# 05 Amtima Front Strut Issue (Faulty Quick Strut?)



## show_time23 (Apr 26, 2010)

Hi,

Yesterday I replaced the following suspension components on both driver-side and passenger:

-INNER and OUTER tie rod ends
-Sway bar link
-Strut (Quick Strut replacement)

Lower Control arms are fairly new.

After Repairs I took the car to be Aligned as well as have the rear shocks replaced. While on my way to the shop it was smooth sailing, Until I hit a small bump in the road and heard a clunk from the right side as if something shifted from it's original place.

The clunking became worse and occurred when i hit even the smallest crack in the road. My mechanic checked to make sure that I bolted everthing in correctly. All was well in that department. So he figured maybe the centre bolt of the strut needed to be tightened.

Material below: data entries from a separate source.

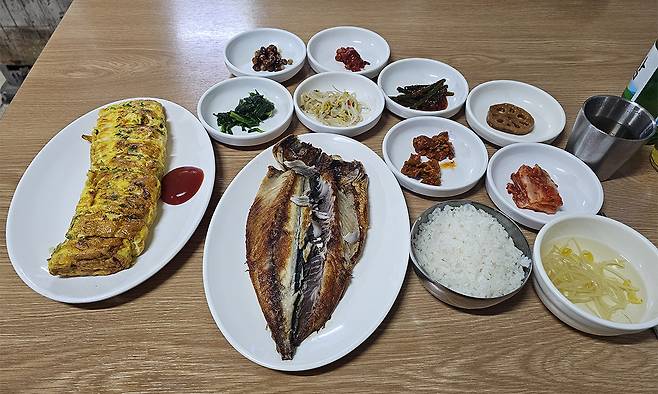 고등어백반과 계란말이 한상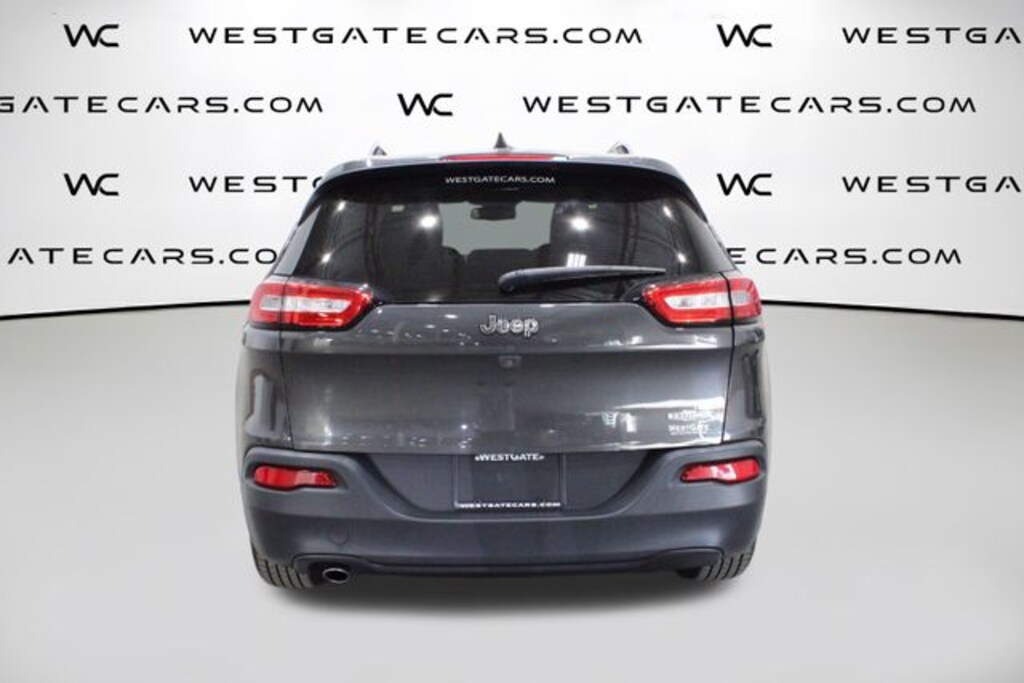 Used 2017 Jeep Cherokee Latitude FWD SUV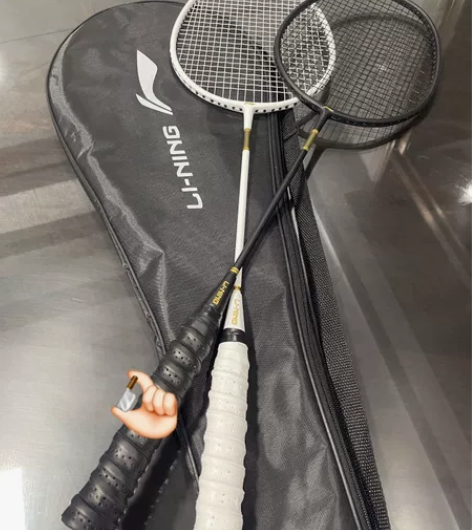 特价出！心爱的李宁碳素超轻耐打羽毛球拍闲置...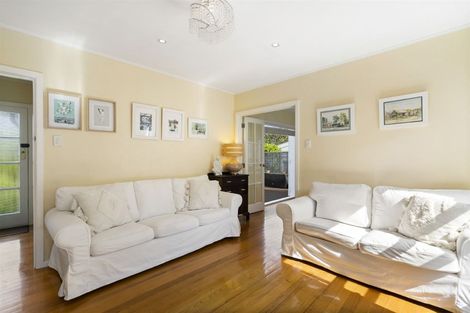 Photo of property in 1/21 Stanley Avenue, Milford, Auckland, 0620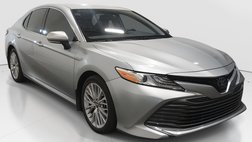 2020 Toyota Camry Hybrid XLE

When he attempted to tighten the Centre Strut bolt (While the car was on the ground after test driving) with an impact gun he realized that the the piston (or whatever is attached to the centre bolt) was spinning with it.

The clunking is definitely from a faulty Quick Strut right?

Thanks for the help

Salah


----------



## quadraria10 (Jul 6, 2010)

Having just changed mine, I noted that the instructions are very specific about not using an impact gun on that bolt.


----------